During the walkout and calls by his Republican colleagues to step down from his leadership position, Senate President Rob Wagner is calling on his colleagues to return to the Senate floor for transparent bill negotiations.

Since the walkout began on May 3, nine Republicans and one Independent lawmaker have accumulated 10 unexcused absences — making them ineligible for re-election under Measure 113, which was passed by voters in 2022.

Republican Senate Minority Leader Tim Knopp (R-Bend) is leading the walkout and states that his Democratic colleagues are not following Senate rules or the Constitution, claiming the bills are written above the required reading level, as outlined in the state’s constitution.

Knopp says his caucus will return on the last day of the legislative session on June 25. In the meantime, Knopp says those participating in the walkout are still in the Capitol attending committees.

After previously canceling a weekend work session in order to negotiate with the protesting lawmakers, Senate President Wagner says his party is ready to work on legislation.

“Right now, in the Oregon State Capitol, we are continuing to have committee meetings and we are passing budgets out through all the different committees onto the floor,” Wagner said. “We’re ready for people to come back and we’re going to start having good conversations out in the open in a transparent way around our education budgets, and housing and homelessness and economic development and all the issues that I know Oregonians want us talking about.”

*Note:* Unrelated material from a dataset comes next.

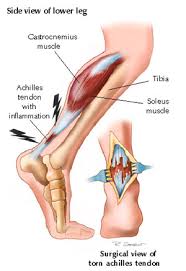 Learn more about the rehab, recovery time, & exercise protocols for ruptured achilles/torn achilles or other achilles tendon surgery injury repairs. Achilles Rupture Physiopedia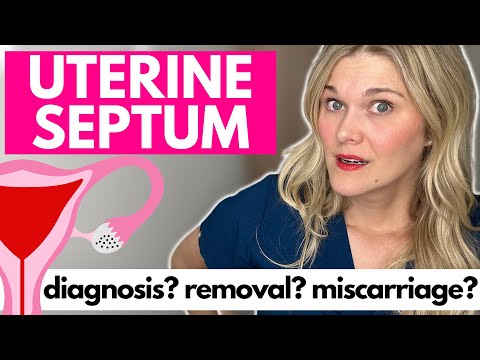 Uterine Septum: Do You Have One? What Is the Diagnosis? Should You Get A Uterine Septum Removed?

Wagner says he set up a conversation with the speaker and House and Senate leaders.

“We came and had robust conversation about process issues and really ask for what people were wanting to try to achieve an end to this walkout,” Wagner said. “Unfortunately, in recent days, we have seen additional cancellations by the minority leader. But we’re still here every single day.”

Wagner added, “I said three things from the beginning of this session. Number one, good ideas come from everywhere. Number two, that there’s always room for kindness and number three, my door is always open.”

Despite the walkout, Wagner says the bills under consideration will still “absolutely” be acted on and have “broad bipartisan support” addressing issues such as housing and homelessness, the drug crisis and education.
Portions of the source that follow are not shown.